Integrating internet events with third-party incident response systems

IT organizations use various third-party operational tools to power business workflows. These may include ticketing systems, incident response platforms, or tools for enhanced observability and customer engagement. Our customers want seamless integration of internet health events with these third-party services. Here are a few use cases you could explore:

• Cut a ticket in Zendesk to engage the operations team when an internet availability issue is detected.
• Store health events in an external MongoDB to power dashboards for executive leadership.
• Notify users of an ongoing internet outage using an online messaging platform like Slack.

You can configure third party API targets using EventBridge to receive internet health events and take suitable actions. Use the following procedure to integrate with external systems using EventBridge:

• Create an API destination by navigating to the Integrations section of the EventBridge service in the AWS Management Console.
  • Provide the destination name, API endpoint, and connection config for the desired destination type.
  • Make sure that the authorization information is correctly configured.
• Setup a rule in EventBridge using the steps outlined in Using Amazon CloudWatch Internet Monitor with Amazon EventBridge.
• When choosing the target, select the EventBridge API destination, and pick the API destination configured.
• Whenever EventBridge receives health events from Internet Monitor, it publishes them to the selected response system and takes appropriate actions as configured.

Scenario Three:

As a service operator of Example Corp, Li wants to perform rapid troubleshooting upon detection of internet health events.
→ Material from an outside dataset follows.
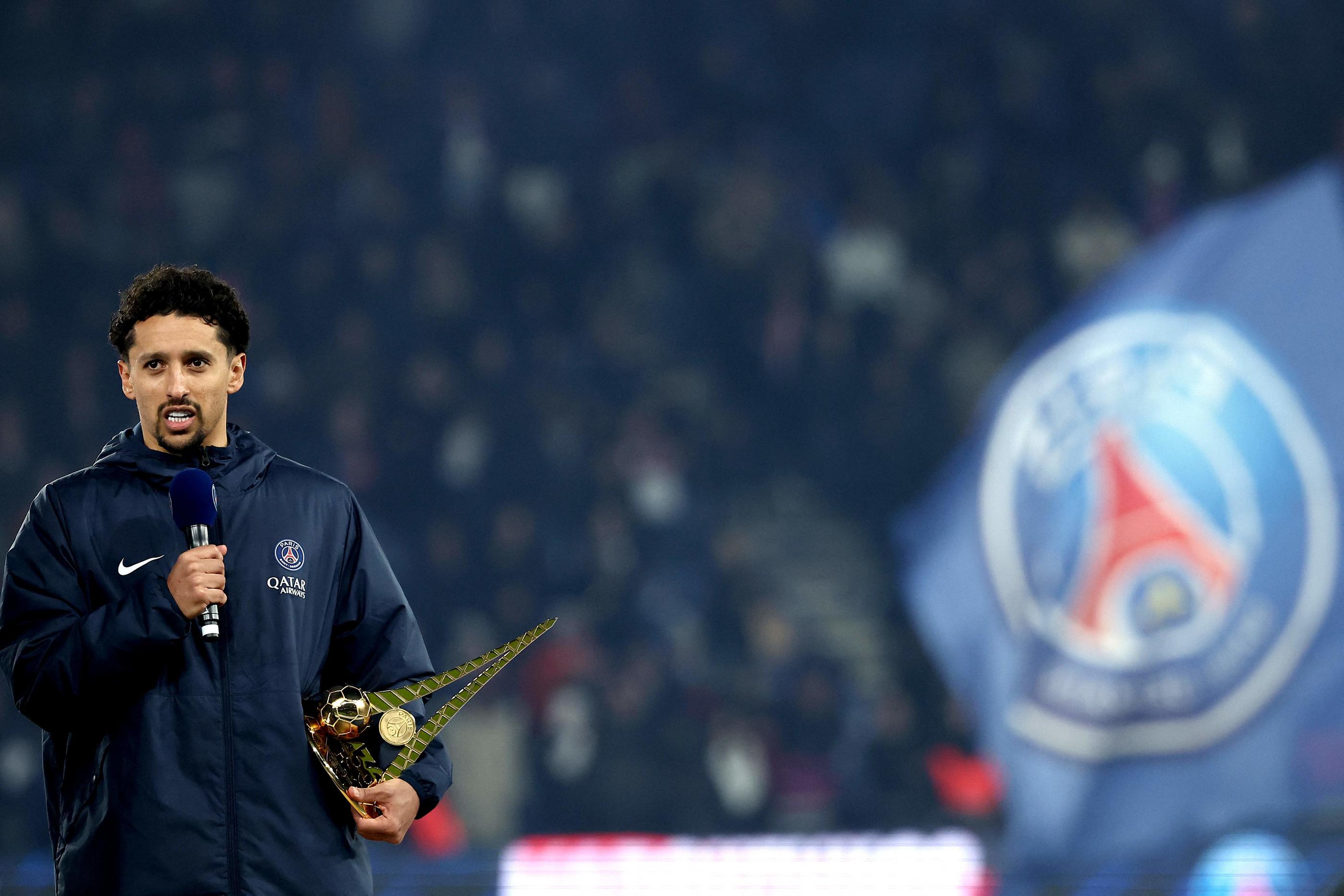 Qualifié pour la demi-finale de Ligue des champions, victorieux de Lyon ce dimanche, Marquinhos avait le sourire au moment de participer aux célébrations aux célébrations pour son record de matchs disputés sous les couleurs parisiennes. AFP/FRANCK FIFE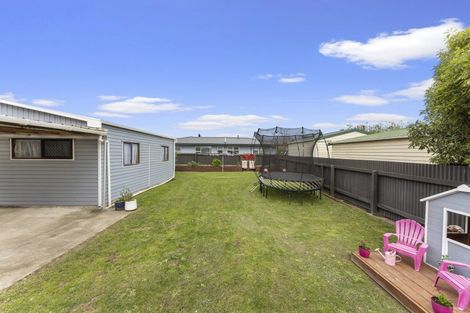 Photo of property in 12 Pembroke Street, Highbury, Palmerston North, 4412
Whenever an event is raised, they want to engage the network operations team by cutting a Zendesk ticket.

• Navigate to the EventBridge service on the console and choose the option to create an API destination.

Configure API destination using EventBridge console

• Create an API destination under EventBridge and specify the API endpoint for the Zendesk ticket creation API.

Select API destination for Zendesk

• When specifying the connection to use, create a new connection with destination type Partners, and select “Zendesk” from the drop-down list with the appropriate authorization type.

Create new connection for API destination

• Now, create an event rule using EventBridge with the source pointing to Internet Monitor.
• When choosing the target, pick EventBridge API destination and select an existing API destination setup for Zendesk.

Select API destination target

• Post completion of the event rule creation. Whenever EventBridge receives internet health events, it publishes them to the Zendesk API target and creates a ticket. This enables your operational team to start pro-active incident troubleshooting.

Conclusion

This post describes solution patterns to detect internet issues, notify target users, and start active troubleshooting using existing AWS and third-party observability tools. You learned how to use CloudWatch metrics and trigger alarms against internet measurements.

We showcased how internet health events can be delivered by EventBridge to an Amazon SNS topic for orchestrating custom workflows. You developed deeper insights into how to integrate internet events with partner ticketing systems to maintain business agility. Using the highlighted approaches and other AWS best practices, you can improve service health, respond to internet events faster, and continue to delight your customers even more!